During the OCSP renewal proces lots of things could go wrong, some errors are recoverable, others can be ignored, still others could be cause by temporary issues e.g.: a service interruption of the OCSP server in question. So extensive error handling is done to keep the daemons threads running.
The following is an overview of what can be expected when exceptions occur.
|IOError/OSError||certfinder||Directory can’t be read.||Ignore, certfinder will try at every refresh.|
|CertFileAccessError||certfinder||Certificate file can’t be read.||Schedule retry 3x n*60s, then 3x, every hour, then ignore. |
|CertParsingError||certparser||Can’t access the certificate file, doesn’t parse or part of the chain is missing.||Ignore, certfinder will try at every refresh.|
|OCSPBadResponse||ocsprenewer||The response is empty, invalid or the status is not “good”.||Schedule retry 3x n*60s, then 3x, every hour, then twice a day. indefinately. If it’s not a server issue, wait for the file to change |
|urllib.error.URLError||ocsprenewer||An OCSP url can’t be opened.||We can try again later, maybe there is a server side issue. Some certificates contain multiple URL’s so we will try each one with 10 seconds intervals and then start from the first again. Schedule retry 3x n*60s, then 3x, every hour, then then twice a day.|
|requests.exceptions.Timeout||Data didn’t reach us within the expected time frame.|
|requests.exceptions.ConnectTimeout||A connection can’t be established because the server doesn’t reply within the expected time frame.|
|requests.exceptions.TooManyRedirects||When the OCSP server redirects us too many times. Limit is quite high so probably something is wrong with the OCSP server.|
|requests.exceptions.HTTPError||A HTTP error code was returned, this can be a 4xx or 5xx status code.|
|requests.exceptions.ConnectionError||A connection to the OCSP server can’t be established.|
|SocketError||ocspadder||A HAProxy socket can not be opened||Log a critical error. Every “send” action will try to re-open the socket.|
|BrokenPipeError||A HAProxy socket consistently has a broken pipe|
|OCSPAdderBadResponse||HAProxy does not respond with ‘OCSP Response updated!’||Schedule a retry 3x n*60s, then 3x, every hour, then ignore.|
|||(1, 2) When the certificate file is changed, certfinder will add the file back to the parsing queue.|
This module holds the application specific exceptions.
Gets raised when a OCSP staple is not valid.
Gets raised when a OCSP renewal is run while not all requirements are met.
Gets raised by the
OCSPAdderwhen it is impossible to connect to or use its socket.
Gets raised when the HAProxy does not respond with “OCSP Response updated”
Gets raised when a file can’t be accessed at all.
Gets raised when something went wrong while parsing the certificate file.
Gets raised when something went wrong while validating the certificate chain.
This module defines a context in which we can run actions that are likely to fail because they have intricate dependencies e.g. network connections, file access, parsing certificates and validating their chains, etc., without stopping execution of the application.
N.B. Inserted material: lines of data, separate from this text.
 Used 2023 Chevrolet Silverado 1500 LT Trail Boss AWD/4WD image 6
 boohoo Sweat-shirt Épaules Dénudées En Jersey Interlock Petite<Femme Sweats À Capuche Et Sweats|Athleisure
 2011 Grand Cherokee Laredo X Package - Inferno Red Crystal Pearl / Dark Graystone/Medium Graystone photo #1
Additionally it will log these errors and depending on the nature of the error reschedule the task at a time that seems reasonable, i.e.: we can reasonably expect the issue to be resolved by that time.
It is generally considered bad practice to catch all remaining exceptions, however this is a daemon. We can’t afford it to get stuck or crashed. So in the interest of staying alive, if an exception is not caught specifically, the handler will catch it, generate a stack trace and save if in a file in the current working directory. A log entry will be created explaining that there was an exception, inform about the location of the stack trace dump and that the context will be dropped. It will also kindly request the administrator to contact the developers so the exception can be caught in a future release which will probably increase stability and might result in a retry rather than just dropping the context.
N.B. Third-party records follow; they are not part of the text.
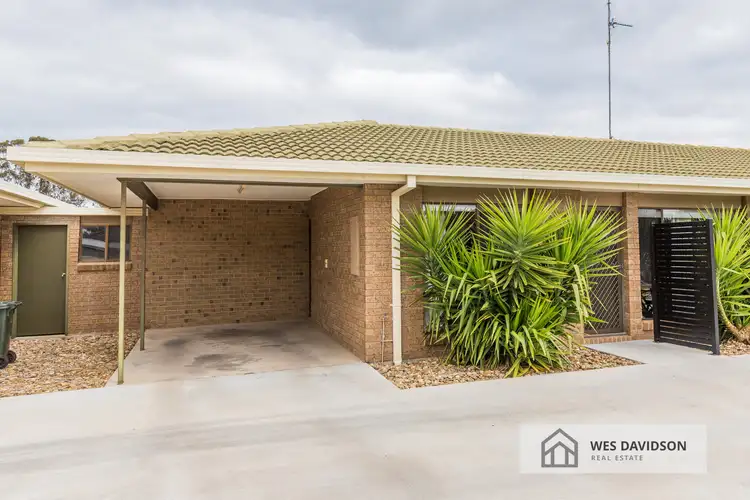 Main view of Homely unit listing, 2/4 Burgess Street, Horsham VIC 3400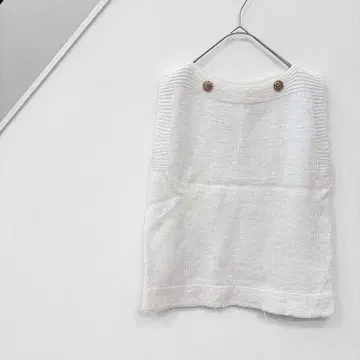 노브랜드 슬리브리스 니트 아이보리 심플 버튼 루즈한 사이즈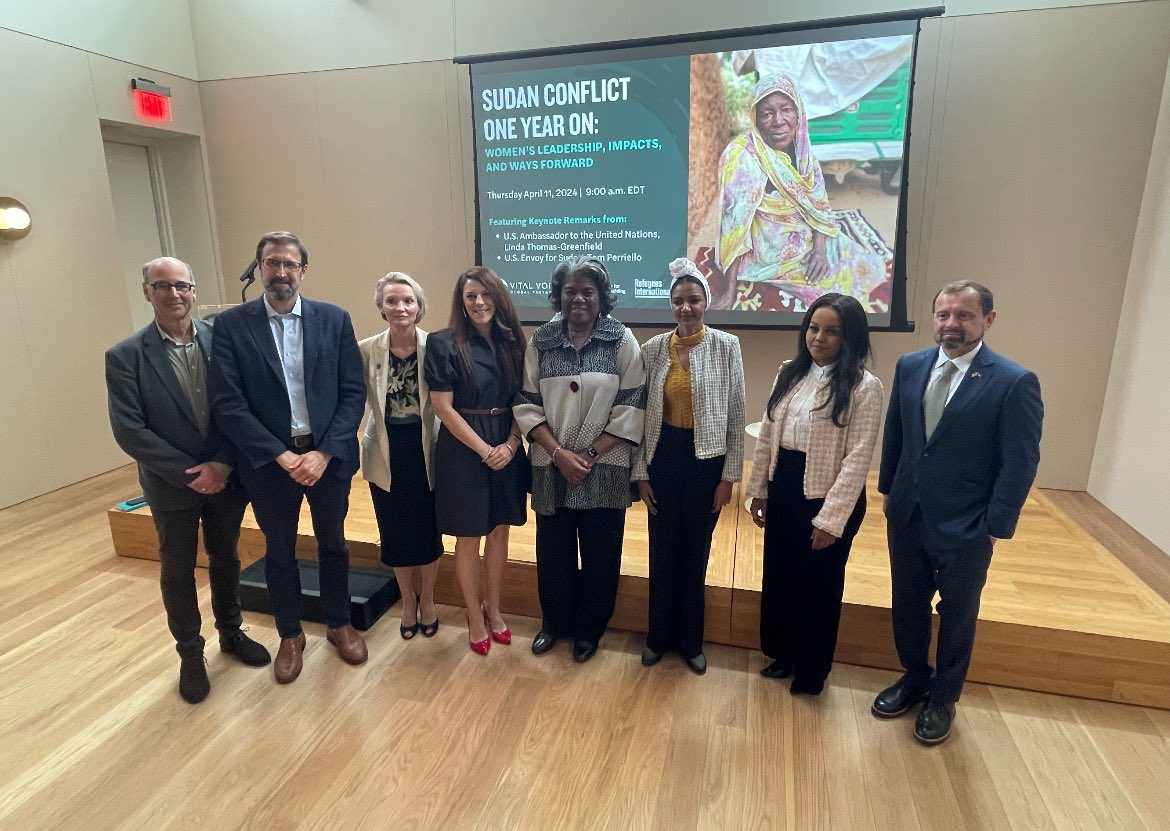 I was thrilled to join these powerful Sudanese women, Vital Voices & @USAmbLTG to focus attention on ways to elevate the role of women in efforts to advance peace, justice and inclusive democracy for the Sudanese people.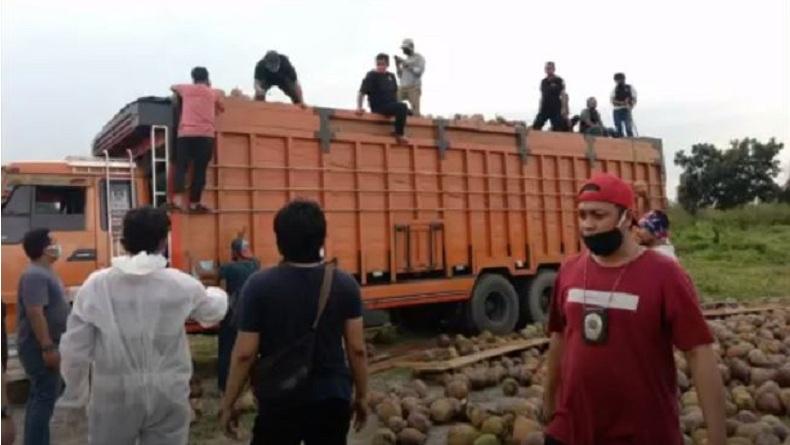 BNN Bongkar Penyelundupan 47 Kg Sabu dalam Truk Pengangkut Kelapa di Medan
Dropping the context effectively means that a retry won’t occur and since the
context will have no more references, it will be garbage collected.
There is however still a reference to the certificate model in
core.daemon.run.models. With no scheduled actions it will
just sit idle, until the finder detects that it is either removed – which will
cause the entry in
core.daemon.run.models to be deleted, or
it is changed. If the certificate file is changed the finder will schedule
schedule a parsing action for it and it will be picked up again. Hopefully the
issue that caused the uncaught exception will be resolved, if not, if will be
caught again and the cycle continues.
This is a global variable that is overridden by ocspd.__main__ with the command line argument:
Handle lots of potential errors and reschedule failed action contexts.
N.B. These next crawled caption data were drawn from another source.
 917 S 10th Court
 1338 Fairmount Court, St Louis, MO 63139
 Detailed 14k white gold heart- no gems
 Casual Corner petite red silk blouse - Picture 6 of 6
When something bad happens, sometimes it is good to delete a related bad OCSP file so it can’t be served any more.
Check that HAProxy doesn’t cache this, it probably does, we need to be able to tell it not to remember it.
Examine the last exception and dump a stack trace to a file, if it fails due to an IOError or OSError, log that it failed so the a sysadmin may make the directory writeable.